With an eye to the developing crisis, AP performed a yearlong study in 2015, investigating specific attacks and general weaknesses.  It turns out that not only was Admiral Rogers correct, but that intruder capability had turned into activity. The AP arrived at a jarring conclusion: “About a dozen times in the last decade, sophisticated foreign hackers have gained enough remote access to control the operations networks that keep the lights on.” They also reported that investigators had seen indicators that a new player, Iran, likely had a role in one of the major attacks. 

A power struggle in Ukraine: Election year update

Enter 2016, and about a month before the first primary vote is cast, Ars Technica reports that “about half the homes in the Ivano-Frankivsk region of Ukraine” had lost power due to an infection by an older common malware package called “Black Energy”. Black Energy made systems inoperable and even erased the disks on some affected systems.  It was thought to have originated in Russia, but attribution is never very easy. The lights, though, were out, and the cause was a cyber-attack. 
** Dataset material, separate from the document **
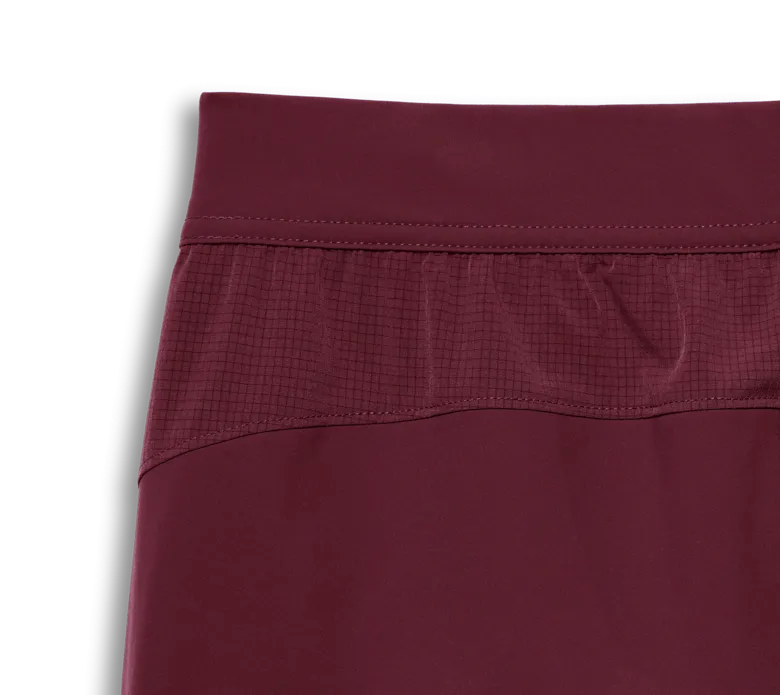 Interval Pant (Regular Inseam)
The future going dark? A look ahead

Enough about the past and present. Sara Peters writes in Dark Reading about the recent ISACA study which shows that 84 percent of surveyed IT professionals expect to see critical infrastructure disrupted by a cyber-attack in 2016. ISACA is an organization of auditors and control-reviewers, and are not prone to hyperbole. So I think it fair to believe that this is likely a reasonable, or at least well-reasoned, prognostication. 

So what are we waiting for? 

Almost ten years ago, we saw the potential for damage from these attacks, and five years ago we had evidence that reconnaissance was underway. Two years ago the NSA told us that we had been compromised, and last year we saw evidence that the compromise was pervasive and spreading. Just last month, in another country with a similarly aging infrastructure, people lost power, control, and probably confidence because their systems were coopted and shown to be inferior to the challenges that attackers pose. 

The world is clearly in a turbulent state. The rise of more aggressive nation states like Iran leveraging cyber-attacks and the increasingly sophisticated use of technology by terrorists make this not only a challenge for us to face over the next four years, but a problem we need to start addressing today. The leaders we elect to serve us in these times must be able to understand and articulate a strategy to protect us. None are talking about it now, and I don’t know if any of the current lot can. But we should be asking, and we must keep asking.

Cybersecurity is clearly a primary concern for our industries and our infrastructure. It is time to make it a primary issue for our candidates.

Danahy is CTO and co-founder of Barkly, a cybersecurity firm.